I was too young to remember my favorite villagers that didn't make it into the newer games. Lol,lucky me!:3


----------



## ToxiFoxy (Jan 1, 2015)

I am just looking up old villagers lol me too, I am just 12


----------



## Astro Cake (Jan 1, 2015)

Vanessa looked pretty cool, she's a lot different looking than the other female wolves.


----------



## Tinkalila (Jan 2, 2015)

All the sheep villagers that got the boot.


----------



## Jarrad (Jan 2, 2015)

i miss lucas


----------



## Boccages (Jan 2, 2015)

I really really miss Olive who used to call me 'sweet pee' while setting up her igloo during those long winters playing Animal Crossing on my GameCube.

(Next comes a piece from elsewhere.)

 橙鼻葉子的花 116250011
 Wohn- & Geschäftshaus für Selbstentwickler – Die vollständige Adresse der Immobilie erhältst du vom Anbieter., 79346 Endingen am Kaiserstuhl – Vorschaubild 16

So I made this quick doodle on Miiverse the other day :


----------



## Spongebob (Jan 4, 2015)

Woolio


----------



## MayorMedli (Jan 4, 2015)

I wish candi the pink mouse was in new leaf.


----------



## toadsworthy (Jan 4, 2015)

Spongebob said:


> Woolio



hands down one of the best names in Animal Crossing lol


----------



## Noodledude (Jan 5, 2015)

I want Dobie back! he was my islander in the GC game.


----------



## RhinoK (Jan 5, 2015)

10/15 of my GameCube town is PG exclusive villagers that didn't return in Wild World or after. 
I really miss Gonzo, Iggy, Stella, Huggy, Belle, Bitty, Tiara and Boris from my town. Thankfully Ozzie returned <3 It's a long stretch but I really hope that all the villagers return in (assuming there will be, I don't understand why there won't be) in the Wii U version. If they do that'd be enough to make me play it!


----------



## Chiisanacx (Jan 6, 2015)

I miss Maddie ; ~ ; , But the Hazel in Animal Crossing was adorable nek minute removes her and replaces her with a squirrel with a monobrow in New Leaf ~ Y U DO DIS ACNL


----------